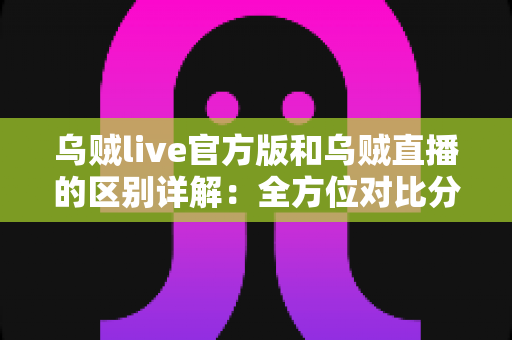 乌贼live官方版和乌贼直播的区别详解:全方位对比分析,帮你选对直播平台 乌贼live官方版和乌贼直播的区别详解:全方位对比分析,帮你选对直播平台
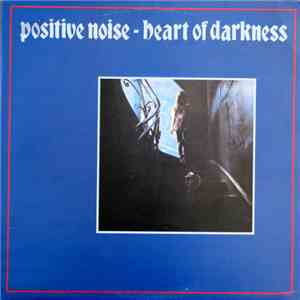 Positive Noise - Heart Of Darkness flac album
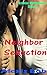 Neighbor Seduction (An Erotic Romance Story)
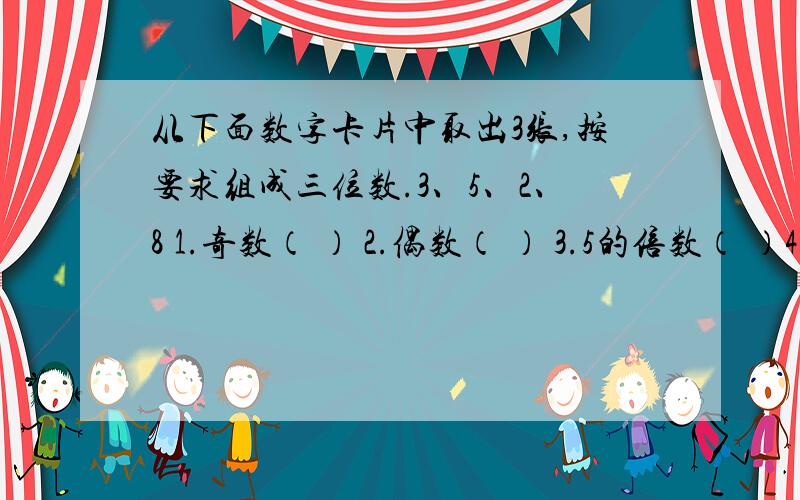 从下面数字卡片中取出3张,按要求组成三位数.3、5、2、8 1.奇数（ ） 2.偶数（ ） 3.5的倍数（ ）4.3的倍数（ ）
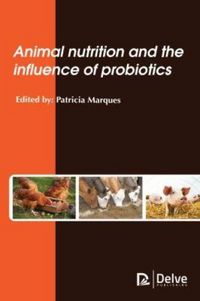 Produktbild: Animal Nutrition and the Influence of Probiotics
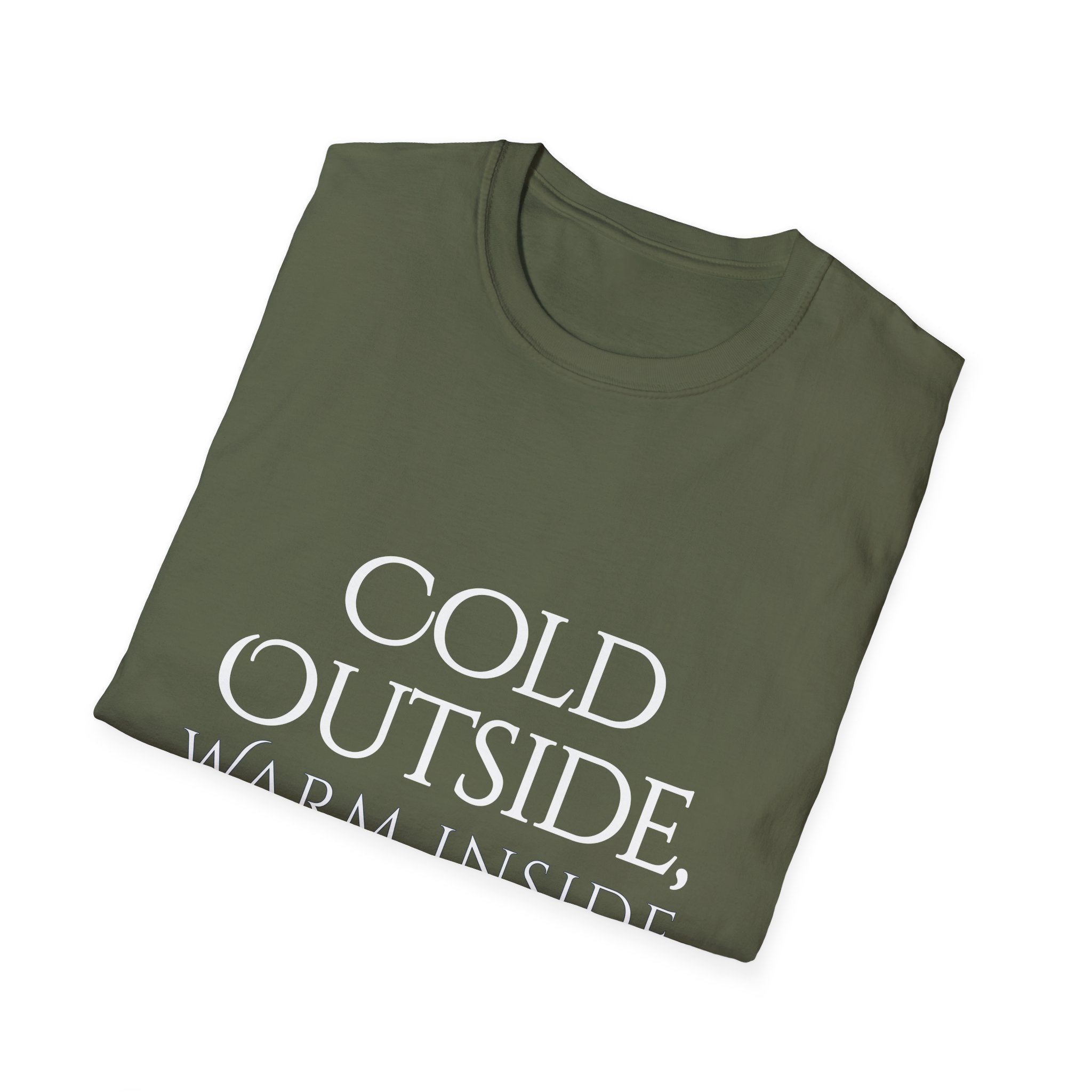 Winter Theme Minimalist Typography Graphic T-Shirt, Cold Outside, Warm Inside Tee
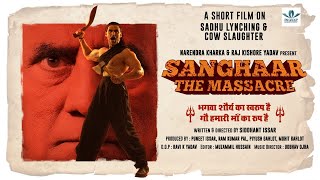 SANGHAAR THE MASSACRE  SHORT FILM  SIDDHANT ISSAR  PUNEET ISSAR  KAILASH KHER [upl. by Silvers]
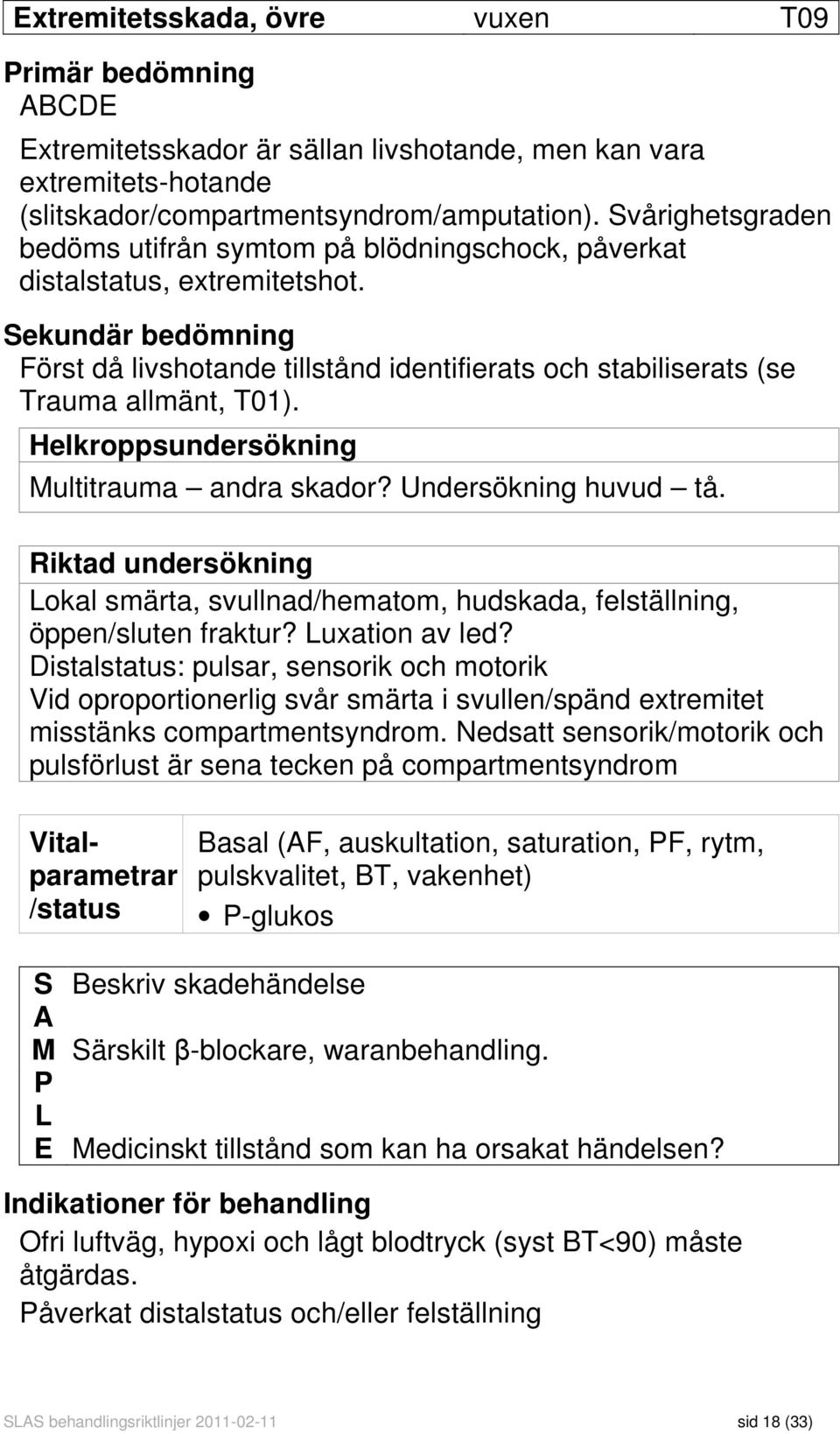 Sekundär bedömning Först då livshotande tillstånd identifierats och stabiliserats (se Trauma allmänt, T01). Helkroppsundersökning Multitrauma andra skador? Undersökning huvud tå.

**WHAT TO DO**
Begin at the line with "Winter Theme Minimalist" and retype exactly every line through the last one of the entries above, both included, and nothing more; pictures stay out.

**ANSWER TO THE EXERCISE**
 Winter Theme Minimalist Typography Graphic T-Shirt, Cold Outside, Warm Inside Tee
 SANGHAAR THE MASSACRE  SHORT FILM  SIDDHANT ISSAR  PUNEET ISSAR  KAILASH KHER [upl. by Silvers]
 Sekundär bedömning Först då livshotande tillstånd identifierats och stabiliserats (se Trauma allmänt, T01). Helkroppsundersökning Multitrauma andra skador? Undersökning huvud tå.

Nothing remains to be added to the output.